Poly starting to settle

Woodbine's Polytrack appears to be settling into a more consistent surface - at least as far as running times are concerned. The slow horses are running slow and the better ones...well, faster.
The first three days of this racing week showed that horses who go slow on the pace will win and a hot pace will set things up for a stretch runner.
Andy Beyer's column on Keeneland's Polytrack (Daily Racing Form, Friday Oct. 20) is dead on - some races at Woodbine are also being run a lot like a grass race: field bunched up early, a lot of guzzling and rating going on and a sprint to the finish.
Handicappers and those of us who pick for newspapers or the DRF are having a heck of a time picking a lot of winners.

As far as tomorrow's turf extravangaza - the Nearctic, E.P. Taylor and $2 million Pattison Canadian Interntional, turf conditions will be the story. More rain is expected tonight and tomorrow and on Thursday, the International horses galloped and worked on the course and they were sinking several inches into the ground.
Red hot trainer CHRISTOPHE CLEMENT has horses in all 3 races - the unproven turfer In Summation in the Nearctic, a much fitter Naissance Royale in the Taylor and last year's International winner Relaxed Gesture in the big race.

Sunny's Halo's Kentucky Derby-winning trophy will soon be where it belongs - in the Canadian Horse Racing Hall of Fame. Hall of Fame director Lou Cauz and the Hall will host a reception on Oct. 25 to present the trophy to the collection after it was donated by Patti Cross, Earl Daynes and Joe Trdak.

Eugene Melnyk's homebred filly SEALY HILL was about as impressive a 2-year-old winner seen this year at Woodbine as any other runner. Yesterday, the Point Given - Boston Twist Ontario-bred won her second career start by 7 lengths and her running time for 7 furlongs of 1:23 1/5 will certainly yield a sizy Beyer Figure.
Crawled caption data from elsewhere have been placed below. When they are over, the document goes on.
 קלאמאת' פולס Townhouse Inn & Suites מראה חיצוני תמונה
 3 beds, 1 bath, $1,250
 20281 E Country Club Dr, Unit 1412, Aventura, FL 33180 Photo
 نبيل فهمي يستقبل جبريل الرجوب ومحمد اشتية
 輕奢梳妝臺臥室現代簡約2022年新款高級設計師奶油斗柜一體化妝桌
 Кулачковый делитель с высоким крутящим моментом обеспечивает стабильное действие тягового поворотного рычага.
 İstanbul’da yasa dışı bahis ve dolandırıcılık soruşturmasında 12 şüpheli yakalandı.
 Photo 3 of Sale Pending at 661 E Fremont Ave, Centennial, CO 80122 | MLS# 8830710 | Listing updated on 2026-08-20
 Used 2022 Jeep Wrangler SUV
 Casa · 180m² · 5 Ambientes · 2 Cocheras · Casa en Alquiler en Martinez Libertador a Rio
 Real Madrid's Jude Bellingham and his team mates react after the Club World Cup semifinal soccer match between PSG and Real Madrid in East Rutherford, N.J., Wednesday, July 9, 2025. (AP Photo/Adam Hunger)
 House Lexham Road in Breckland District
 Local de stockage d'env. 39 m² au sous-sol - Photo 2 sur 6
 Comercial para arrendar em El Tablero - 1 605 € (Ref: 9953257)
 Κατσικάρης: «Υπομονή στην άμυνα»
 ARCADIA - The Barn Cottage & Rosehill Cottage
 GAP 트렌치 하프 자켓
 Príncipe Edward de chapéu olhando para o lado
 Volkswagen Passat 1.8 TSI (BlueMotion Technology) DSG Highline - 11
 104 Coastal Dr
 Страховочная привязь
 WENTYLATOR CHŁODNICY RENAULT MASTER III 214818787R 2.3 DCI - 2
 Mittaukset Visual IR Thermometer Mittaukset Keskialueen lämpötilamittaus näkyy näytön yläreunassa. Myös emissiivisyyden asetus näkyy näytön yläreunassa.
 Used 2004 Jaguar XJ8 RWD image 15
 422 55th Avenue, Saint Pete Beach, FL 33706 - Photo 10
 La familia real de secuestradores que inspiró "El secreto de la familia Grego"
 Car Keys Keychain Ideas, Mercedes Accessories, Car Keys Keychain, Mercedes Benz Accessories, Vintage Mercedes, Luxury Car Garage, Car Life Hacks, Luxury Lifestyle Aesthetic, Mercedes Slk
Top trainer Robert Tiller just got back from a shopping trip in Kentucky, buying 12 yearlings at the Fasig-Tipton October sale for $285,000.

Catch DRF writer and author DAN ILLMAN in an International seminar at Woodbine Sunday at 11 a.m. Prizes and coffee and danish are on tap.

2 Comments:

  • At 11:38 AM, Anonymous Anonymous said…

    since u watch the races on polytrack, maybe u'd venture a guess as to "why" the race strategies differ on that surface. i've seen a lot of comment that they do, BUT, nothing to indicate reasons.

     
  • At 11:51 AM, Blogger Jen Morrison said…

    Jockeys often tend to overhandicap races for polytrack - at least they did at Woodbine in the first few weeks. At first, the jockeys tried to ride their similar styles but when they saw speed didn't work early on, they started to rate their horses.
    Then the races were made a lot like they are at Keeneland now, slow early, sprint late, but since horses have been winning on the lead at Woodbine, things are starting to even out...but jockeys can influence biases or how races are run just by their tactics.